# Instructions for the task:
Exactly as written, please repeat the data that follows, but not the pictures.

Records supplied Start Marker

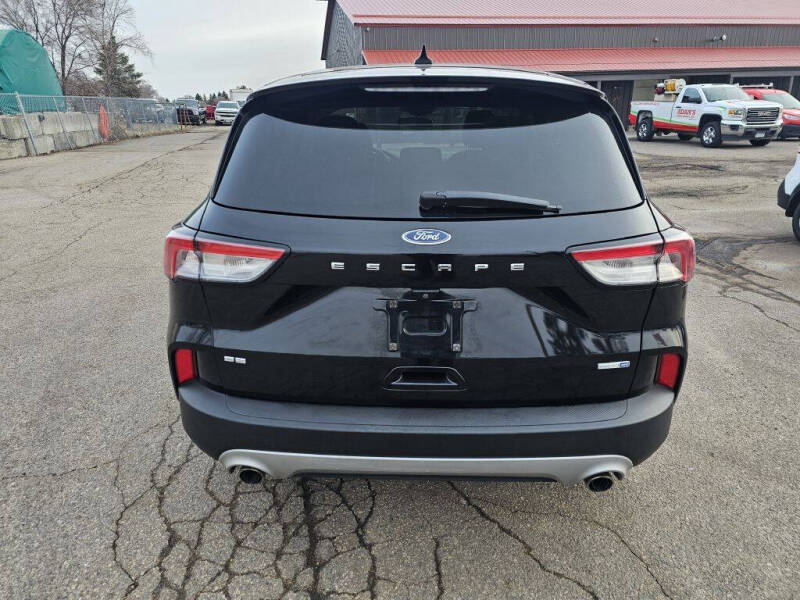 2020 Ford Escape SE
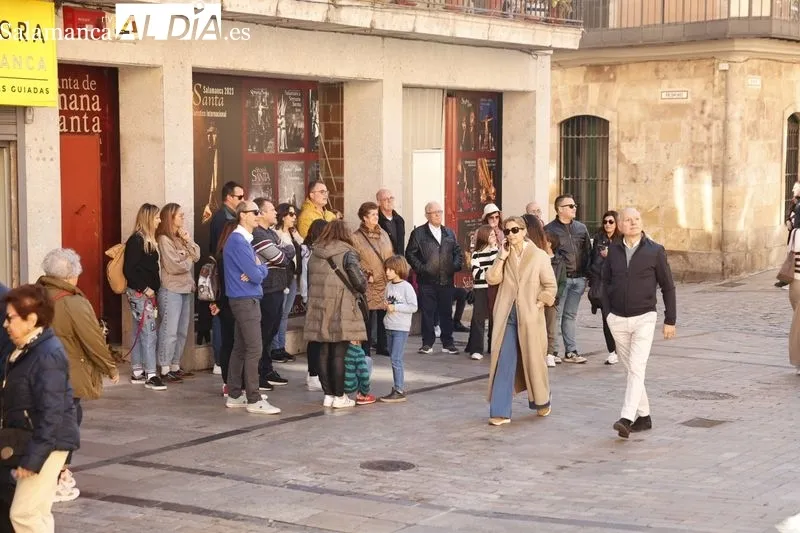 Los salmantinos han salido a la calle para apurar las últimas horas de temperaturas templadas. Fotos: David Sañudo.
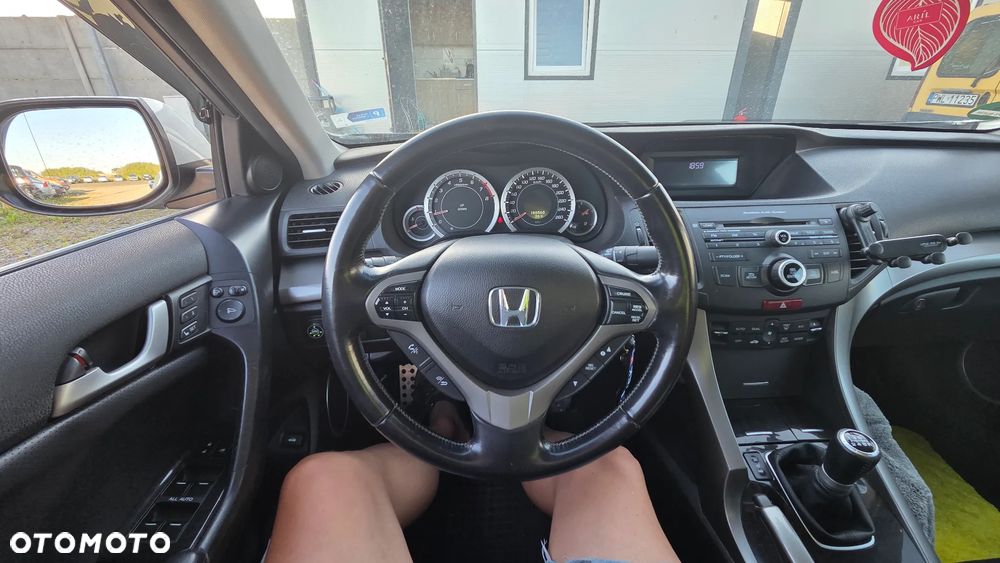 Honda Accord 2.0 Executive - 22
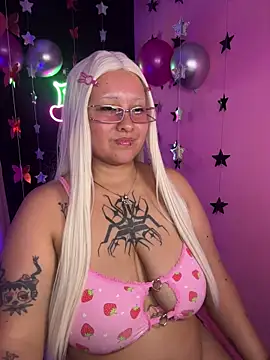 pinkbaddie777 online show from August 9, 2026, 3:23 am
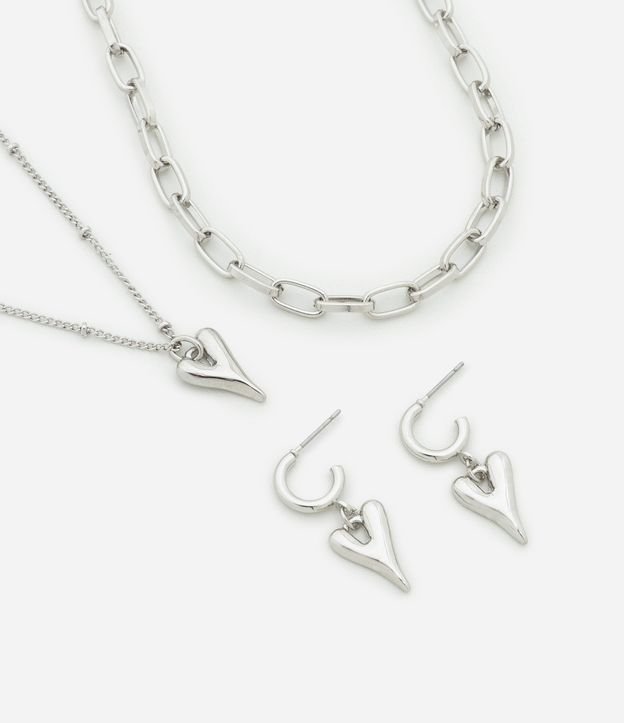 Conjunto de Colar Camada com Elos e Bolinhas e Brinco Argola com Pingente Coração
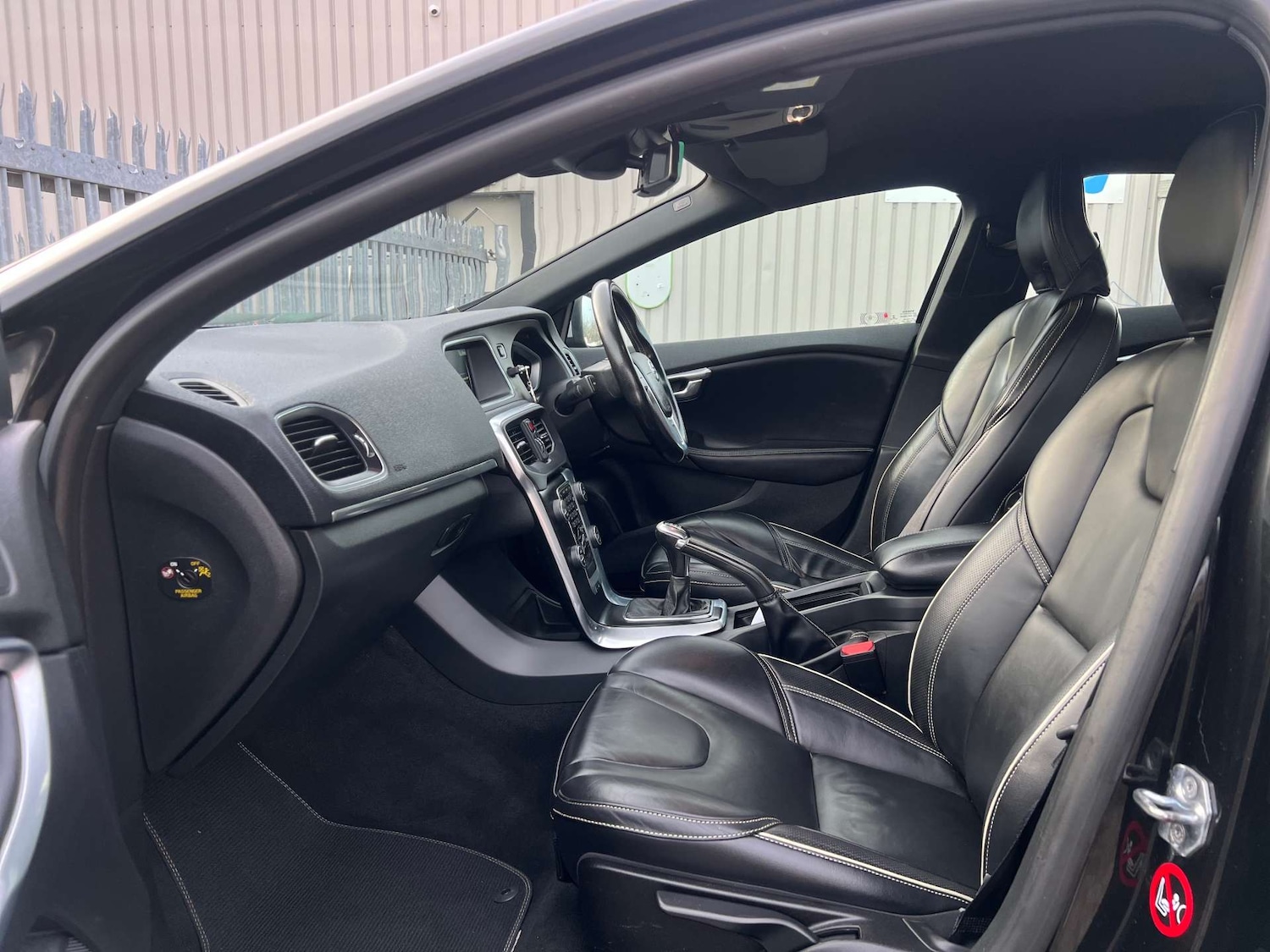 Used Volvo V40 2016 for sale - 76934893: Photo 24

Records supplied End Marker

# Expected output:
 2020 Ford Escape SE
 Los salmantinos han salido a la calle para apurar las últimas horas de temperaturas templadas. Fotos: David Sañudo.
 Honda Accord 2.0 Executive - 22
 pinkbaddie777 online show from August 9, 2026, 3:23 am
 Conjunto de Colar Camada com Elos e Bolinhas e Brinco Argola com Pingente Coração
 Used Volvo V40 2016 for sale - 76934893: Photo 24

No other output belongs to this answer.